Data compression, the reduction in size of the physical representation
of data being stored or transmitted, has long been of interest both as a research topic and as a practical technique. Different methods are used
for encoding different classes of data files. The purpose of this research
is to compress a class of highly redundant data files whose contents are
partially described by a context-free grammar (i.e. text files containing
computer programs).
An encoding technique is developed for the removal of structural
dependancy due to the context-free structure of such files. The technique
depends on a type of LR parsing method called LALR(K) (Lookahead LRM).
The encoder also pays particular attention to the encoding of editing
characters, comments, names and constants.
The encoded data maintains the exact information content of the
original data. Hence, a decoding technique (depending on the same
parsing method) is developed to recover the original information from
its compressed representation.
The technique is demonstrated by compressing Pascal programs. An
optimal coding scheme (based on Huffman codes) is used to encode the
parsing alternatives in each parsing state. The decoder uses these codes
during the decoding phase. Also Huffman codes, based on the probability
of the symbols c oncerned, are used when coding editing characterst
comments, names and constants.
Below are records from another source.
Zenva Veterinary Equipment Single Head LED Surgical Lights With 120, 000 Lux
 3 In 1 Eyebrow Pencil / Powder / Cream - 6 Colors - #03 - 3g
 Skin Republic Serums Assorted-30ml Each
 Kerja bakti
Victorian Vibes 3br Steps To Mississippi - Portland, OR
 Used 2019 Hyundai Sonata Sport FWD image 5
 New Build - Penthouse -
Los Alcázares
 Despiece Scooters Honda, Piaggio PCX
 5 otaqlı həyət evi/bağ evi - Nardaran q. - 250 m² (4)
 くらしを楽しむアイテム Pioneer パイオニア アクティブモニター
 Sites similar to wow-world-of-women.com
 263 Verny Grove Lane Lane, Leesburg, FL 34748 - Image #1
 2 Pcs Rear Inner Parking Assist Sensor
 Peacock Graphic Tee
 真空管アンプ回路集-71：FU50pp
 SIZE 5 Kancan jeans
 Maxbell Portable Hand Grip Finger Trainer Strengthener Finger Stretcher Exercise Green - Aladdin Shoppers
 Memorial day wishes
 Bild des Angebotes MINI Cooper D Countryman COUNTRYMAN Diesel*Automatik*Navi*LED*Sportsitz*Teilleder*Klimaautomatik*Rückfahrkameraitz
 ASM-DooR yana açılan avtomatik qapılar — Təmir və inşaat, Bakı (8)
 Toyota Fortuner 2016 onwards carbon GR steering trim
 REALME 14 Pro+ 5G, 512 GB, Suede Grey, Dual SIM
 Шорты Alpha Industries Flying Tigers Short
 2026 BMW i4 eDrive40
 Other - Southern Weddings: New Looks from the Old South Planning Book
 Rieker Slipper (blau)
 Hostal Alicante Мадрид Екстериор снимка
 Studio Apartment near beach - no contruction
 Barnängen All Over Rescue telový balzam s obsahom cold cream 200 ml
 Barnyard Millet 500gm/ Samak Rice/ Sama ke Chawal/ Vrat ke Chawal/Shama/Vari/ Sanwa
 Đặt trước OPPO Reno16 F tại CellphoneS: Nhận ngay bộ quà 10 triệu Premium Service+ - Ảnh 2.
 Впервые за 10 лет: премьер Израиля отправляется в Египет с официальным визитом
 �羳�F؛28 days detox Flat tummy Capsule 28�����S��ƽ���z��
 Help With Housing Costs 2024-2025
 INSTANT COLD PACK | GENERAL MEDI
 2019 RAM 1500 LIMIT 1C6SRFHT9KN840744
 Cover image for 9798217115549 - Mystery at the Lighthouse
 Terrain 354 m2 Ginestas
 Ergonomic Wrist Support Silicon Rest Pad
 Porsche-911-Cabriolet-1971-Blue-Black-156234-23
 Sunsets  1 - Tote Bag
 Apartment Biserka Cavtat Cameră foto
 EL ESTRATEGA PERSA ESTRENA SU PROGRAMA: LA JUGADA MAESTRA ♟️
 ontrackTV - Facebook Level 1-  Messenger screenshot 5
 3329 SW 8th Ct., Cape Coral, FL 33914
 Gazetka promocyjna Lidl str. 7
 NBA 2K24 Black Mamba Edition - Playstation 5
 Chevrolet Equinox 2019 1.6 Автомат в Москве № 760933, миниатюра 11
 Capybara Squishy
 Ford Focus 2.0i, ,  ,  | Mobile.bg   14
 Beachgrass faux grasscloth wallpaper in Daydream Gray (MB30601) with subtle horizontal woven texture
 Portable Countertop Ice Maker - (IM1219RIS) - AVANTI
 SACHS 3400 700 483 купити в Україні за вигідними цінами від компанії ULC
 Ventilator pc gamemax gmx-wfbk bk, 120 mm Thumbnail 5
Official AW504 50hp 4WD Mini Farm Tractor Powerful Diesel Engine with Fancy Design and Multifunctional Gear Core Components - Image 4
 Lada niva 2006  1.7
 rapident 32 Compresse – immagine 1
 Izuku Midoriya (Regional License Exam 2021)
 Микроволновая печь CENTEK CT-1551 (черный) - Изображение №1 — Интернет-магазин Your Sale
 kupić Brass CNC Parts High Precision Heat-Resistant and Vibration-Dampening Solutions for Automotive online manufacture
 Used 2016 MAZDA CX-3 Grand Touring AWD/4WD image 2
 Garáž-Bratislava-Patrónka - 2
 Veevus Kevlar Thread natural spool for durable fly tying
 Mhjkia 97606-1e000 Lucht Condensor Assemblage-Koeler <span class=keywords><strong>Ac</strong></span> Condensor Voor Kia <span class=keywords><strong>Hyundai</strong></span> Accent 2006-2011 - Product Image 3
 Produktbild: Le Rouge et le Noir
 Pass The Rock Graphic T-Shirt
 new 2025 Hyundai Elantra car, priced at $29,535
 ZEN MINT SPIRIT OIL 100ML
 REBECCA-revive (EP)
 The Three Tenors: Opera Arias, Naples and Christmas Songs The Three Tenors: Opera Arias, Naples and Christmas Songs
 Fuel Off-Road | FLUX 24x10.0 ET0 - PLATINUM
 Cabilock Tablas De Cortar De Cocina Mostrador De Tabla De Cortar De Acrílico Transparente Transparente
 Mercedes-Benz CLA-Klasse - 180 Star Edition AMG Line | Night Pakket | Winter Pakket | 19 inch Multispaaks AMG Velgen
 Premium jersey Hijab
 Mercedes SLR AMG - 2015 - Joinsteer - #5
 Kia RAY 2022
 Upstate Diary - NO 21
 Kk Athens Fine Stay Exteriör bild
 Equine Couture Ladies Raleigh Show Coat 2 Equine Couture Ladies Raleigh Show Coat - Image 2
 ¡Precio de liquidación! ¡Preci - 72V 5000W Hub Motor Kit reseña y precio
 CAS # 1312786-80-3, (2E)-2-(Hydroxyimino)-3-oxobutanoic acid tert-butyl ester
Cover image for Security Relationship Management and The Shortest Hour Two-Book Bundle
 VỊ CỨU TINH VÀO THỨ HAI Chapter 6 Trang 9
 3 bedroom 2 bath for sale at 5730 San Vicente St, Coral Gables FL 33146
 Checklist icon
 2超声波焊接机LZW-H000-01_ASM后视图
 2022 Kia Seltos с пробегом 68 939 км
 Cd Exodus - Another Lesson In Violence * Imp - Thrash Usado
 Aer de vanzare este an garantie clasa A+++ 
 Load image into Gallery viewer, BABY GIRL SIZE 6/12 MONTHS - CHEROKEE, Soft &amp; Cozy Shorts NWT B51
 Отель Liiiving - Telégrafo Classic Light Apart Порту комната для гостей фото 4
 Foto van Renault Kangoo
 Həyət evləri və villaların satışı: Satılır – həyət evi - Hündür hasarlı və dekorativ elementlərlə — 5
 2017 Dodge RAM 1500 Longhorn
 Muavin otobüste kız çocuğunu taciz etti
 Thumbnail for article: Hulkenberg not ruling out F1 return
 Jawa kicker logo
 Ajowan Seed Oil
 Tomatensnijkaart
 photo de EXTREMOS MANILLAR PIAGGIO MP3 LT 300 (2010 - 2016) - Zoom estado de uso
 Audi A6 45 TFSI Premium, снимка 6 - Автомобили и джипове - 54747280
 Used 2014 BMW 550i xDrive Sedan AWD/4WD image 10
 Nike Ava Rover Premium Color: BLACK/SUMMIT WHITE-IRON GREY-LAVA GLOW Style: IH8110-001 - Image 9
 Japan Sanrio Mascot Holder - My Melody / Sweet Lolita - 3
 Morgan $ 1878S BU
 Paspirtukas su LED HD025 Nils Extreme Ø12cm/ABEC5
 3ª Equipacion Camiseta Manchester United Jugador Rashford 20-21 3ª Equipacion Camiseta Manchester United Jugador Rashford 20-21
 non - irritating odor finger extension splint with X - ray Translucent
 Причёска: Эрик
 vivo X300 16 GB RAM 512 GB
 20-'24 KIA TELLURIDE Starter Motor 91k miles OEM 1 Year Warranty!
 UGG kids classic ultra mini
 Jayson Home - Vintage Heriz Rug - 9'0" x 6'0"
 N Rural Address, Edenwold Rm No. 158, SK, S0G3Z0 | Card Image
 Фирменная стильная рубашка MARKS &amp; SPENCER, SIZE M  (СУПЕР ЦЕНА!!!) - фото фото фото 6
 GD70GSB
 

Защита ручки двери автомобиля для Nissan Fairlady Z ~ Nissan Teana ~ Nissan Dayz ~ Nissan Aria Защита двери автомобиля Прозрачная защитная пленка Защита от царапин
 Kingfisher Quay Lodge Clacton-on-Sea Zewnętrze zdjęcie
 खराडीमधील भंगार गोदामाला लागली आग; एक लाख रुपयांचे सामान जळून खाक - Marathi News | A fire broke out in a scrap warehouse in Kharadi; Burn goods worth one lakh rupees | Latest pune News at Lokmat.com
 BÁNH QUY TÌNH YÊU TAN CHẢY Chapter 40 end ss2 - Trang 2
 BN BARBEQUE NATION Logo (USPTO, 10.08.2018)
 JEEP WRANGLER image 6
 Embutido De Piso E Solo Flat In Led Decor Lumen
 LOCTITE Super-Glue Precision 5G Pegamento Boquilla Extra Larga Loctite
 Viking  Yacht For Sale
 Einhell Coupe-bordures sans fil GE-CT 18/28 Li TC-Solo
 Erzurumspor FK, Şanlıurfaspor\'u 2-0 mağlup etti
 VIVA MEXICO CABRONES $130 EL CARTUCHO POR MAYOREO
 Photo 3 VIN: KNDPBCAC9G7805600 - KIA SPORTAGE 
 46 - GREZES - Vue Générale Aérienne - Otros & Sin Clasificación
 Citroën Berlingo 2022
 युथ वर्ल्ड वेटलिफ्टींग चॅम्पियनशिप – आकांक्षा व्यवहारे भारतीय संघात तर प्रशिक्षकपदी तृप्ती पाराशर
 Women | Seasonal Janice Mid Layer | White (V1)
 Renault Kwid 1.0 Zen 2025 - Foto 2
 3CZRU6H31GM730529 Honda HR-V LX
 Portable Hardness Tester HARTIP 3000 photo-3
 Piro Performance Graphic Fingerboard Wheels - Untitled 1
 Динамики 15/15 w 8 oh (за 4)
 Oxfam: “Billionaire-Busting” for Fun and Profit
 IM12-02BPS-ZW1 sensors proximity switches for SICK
The sizes of the parsing tables (and
subsequently the encoding tables) were considerably reduced by splitting
them into a number of sub-tables.
The minimum and the average code length of the average program are
derived from two different matrices. These matrices are constructed
from a probabilistic grammar, and the language generated by this grammar.
Finally, various comparisons are made with a related encoding method by
using a simple context-free language